What needs to be done:
Please give the whole listing again exactly, without any of its pictures.

Dataset content:
^^^^^^^^^^^^^^^^

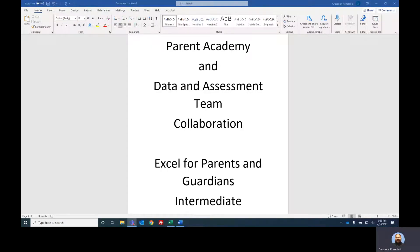Hello, parents and guardians. Welcome to the collaboration with Parent Academy and the data and assessment team to provide the intermediate Excel course for parents and guardians. We provided the first one, the foundations, and I hope you enjoyed that. I'm super excited to do part two with you, the intermediate course. My name is Ronaldo Crespo and I will be providing this intermediate training. Let's get started.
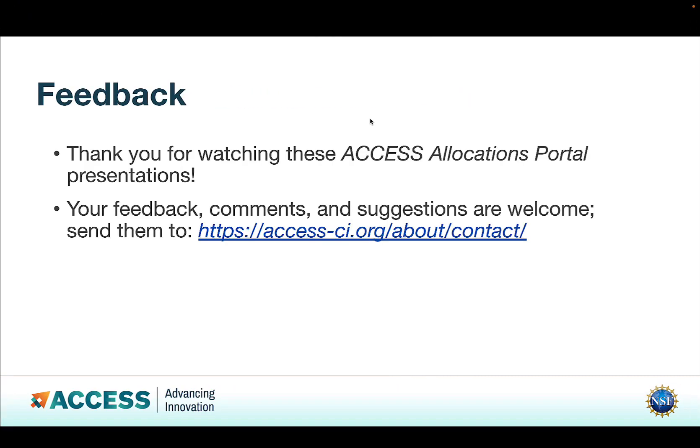And that wraps up our look at the Access Allocations Portal. So thank you for watching these presentations. Your feedback, comments, and suggestions are welcome. You can send them to https://access-ci.org/about/contact.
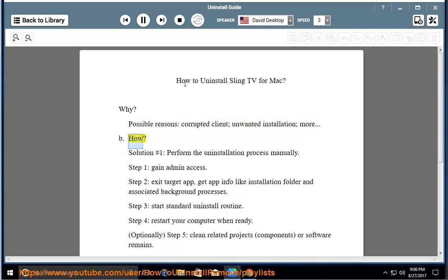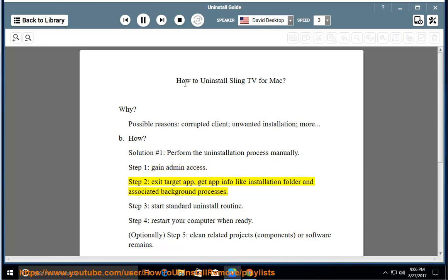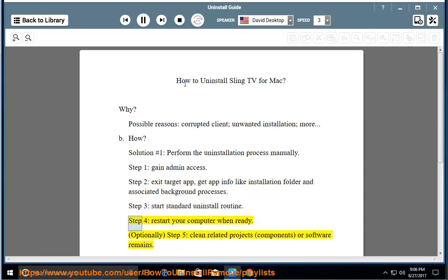How? Solution number 1: Perform the uninstallation process manually. Step 1: Gain admin access. Step 2: Exit the target app. Get app info like installation folder and associated background processes. Step 3: Start the standard uninstall routine. Step 4: Restart your computer when ready.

^^^^^^^^^^^^^^^^

Task response:
Hello, parents and guardians. Welcome to the collaboration with Parent Academy and the data and assessment team to provide the intermediate Excel course for parents and guardians. We provided the first one, the foundations, and I hope you enjoyed that. I'm super excited to do part two with you, the intermediate course. My name is Ronaldo Crespo and I will be providing this intermediate training. Let's get started.
And that wraps up our look at the Access Allocations Portal. So thank you for watching these presentations. Your feedback, comments, and suggestions are welcome. You can send them to https://access-ci.org/about/contact.
How? Solution number 1: Perform the uninstallation process manually. Step 1: Gain admin access. Step 2: Exit the target app. Get app info like installation folder and associated background processes. Step 3: Start the standard uninstall routine. Step 4: Restart your computer when ready.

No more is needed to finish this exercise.